*** Data supplied ***

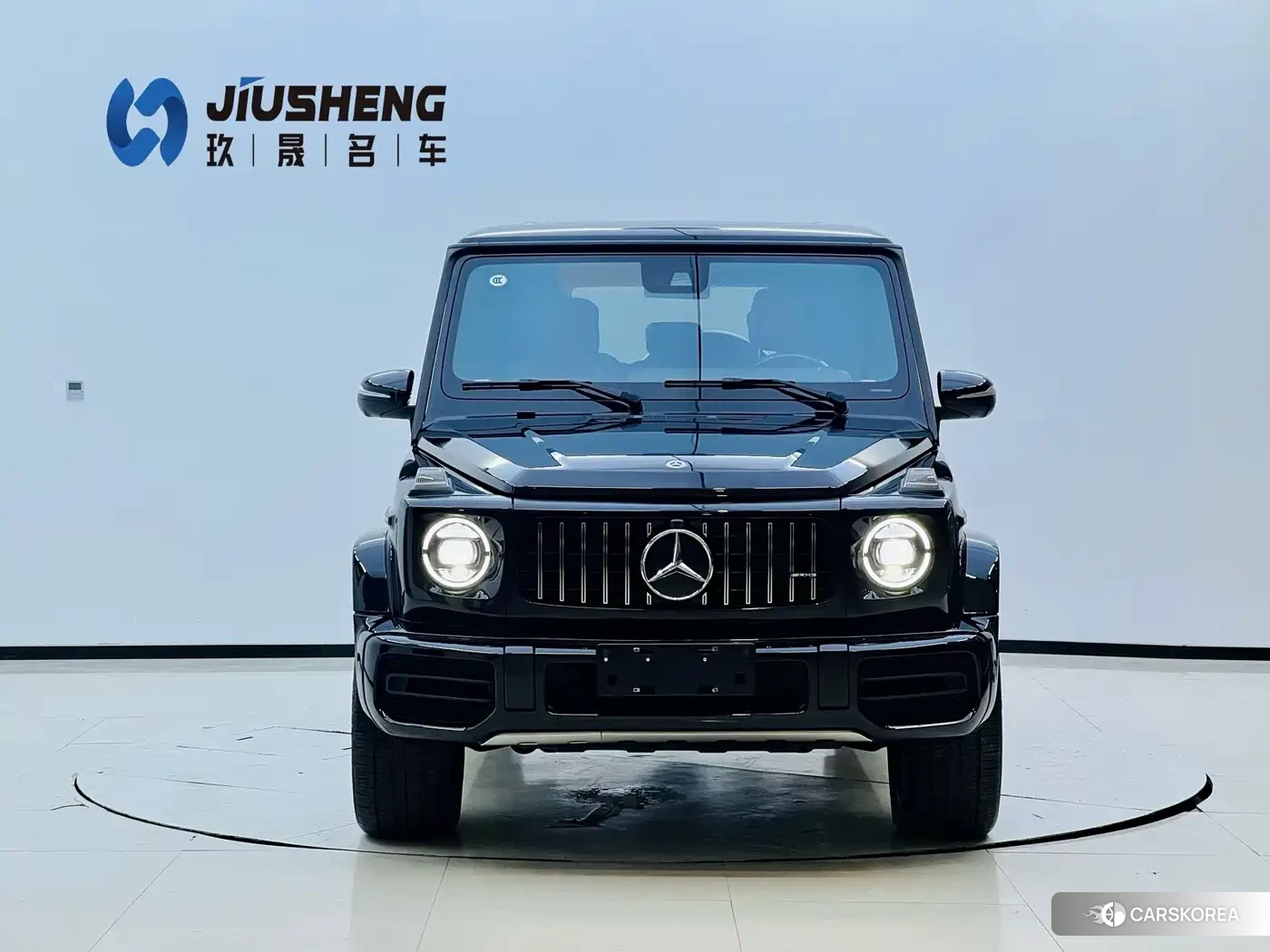 Mercedes-Benz G-Class id 4589118 из Китая 18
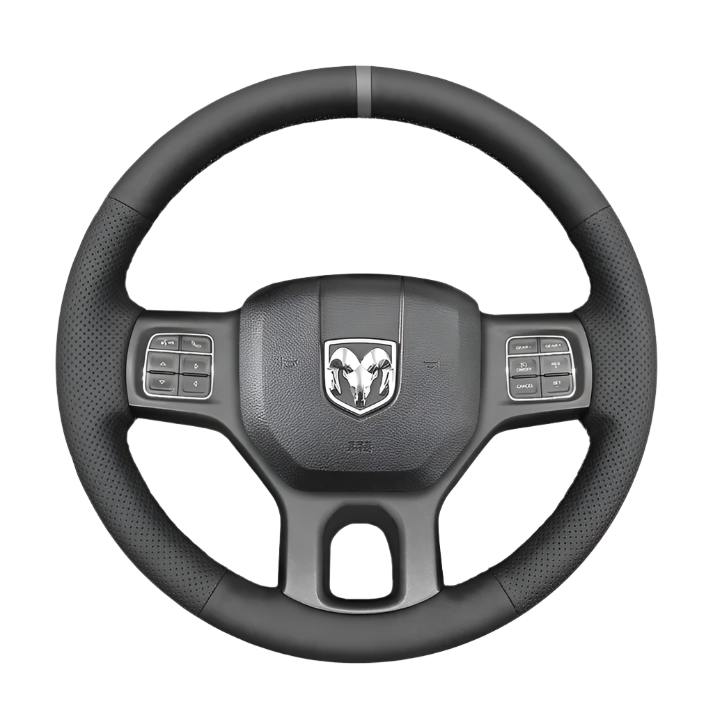 Dodge - RAM 1500 1500 Classic 2500 3500 5500 (2011-2023)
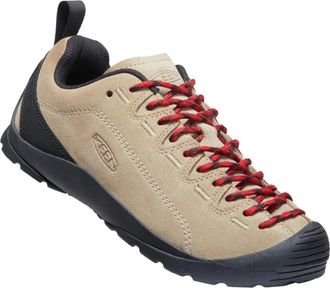 Keen Jasper Sneakers - Dames - Sneakers - Bruin - 37 EU - Schoenen
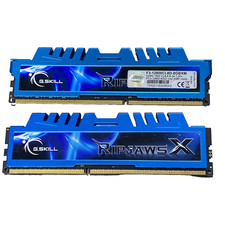 G.skill 8gb ddr3 for sale  Monterey Park
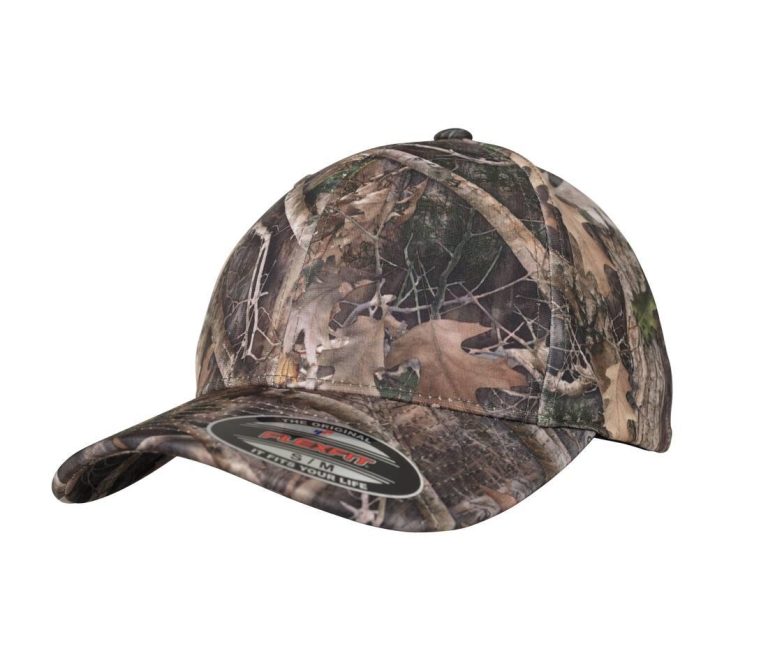 TRUETIMBER&reg; KANATI CAMO CAP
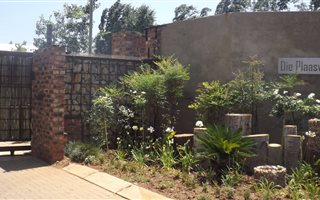 459 m² Land available in Van Der Hoff Park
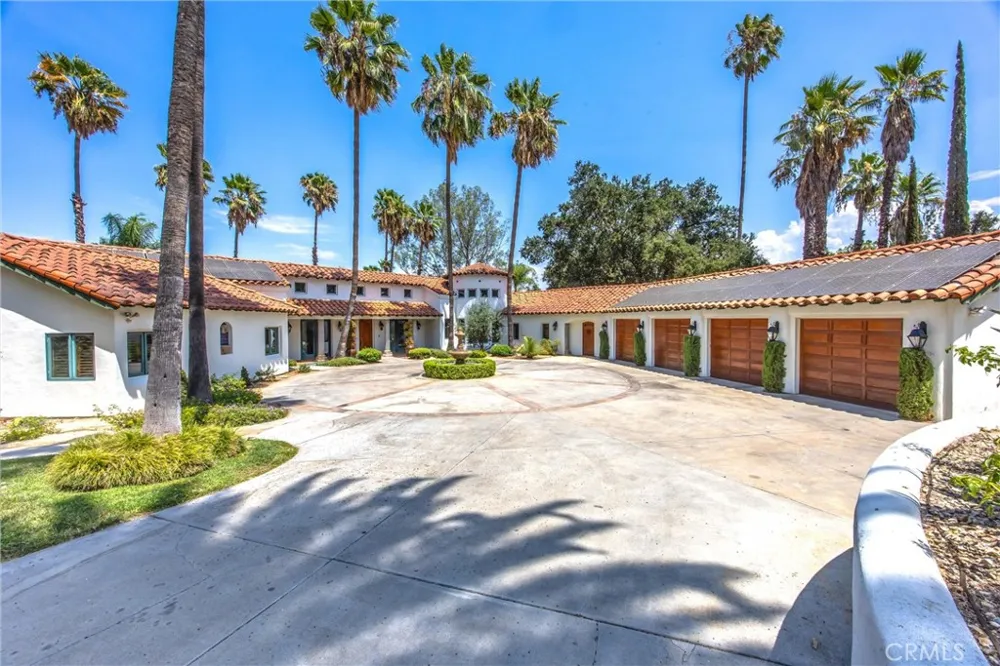 530 W Sunset Redlands, CA 92373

*** End of Data supplied ***

Exercise requirements = Without the pictures, write out all of the material exactly.

Output for this exercise =
 Mercedes-Benz G-Class id 4589118 из Китая 18
 Dodge - RAM 1500 1500 Classic 2500 3500 5500 (2011-2023)
 Keen Jasper Sneakers - Dames - Sneakers - Bruin - 37 EU - Schoenen
 G.skill 8gb ddr3 for sale  Monterey Park
 TRUETIMBER&reg; KANATI CAMO CAP
 459 m² Land available in Van Der Hoff Park
 530 W Sunset Redlands, CA 92373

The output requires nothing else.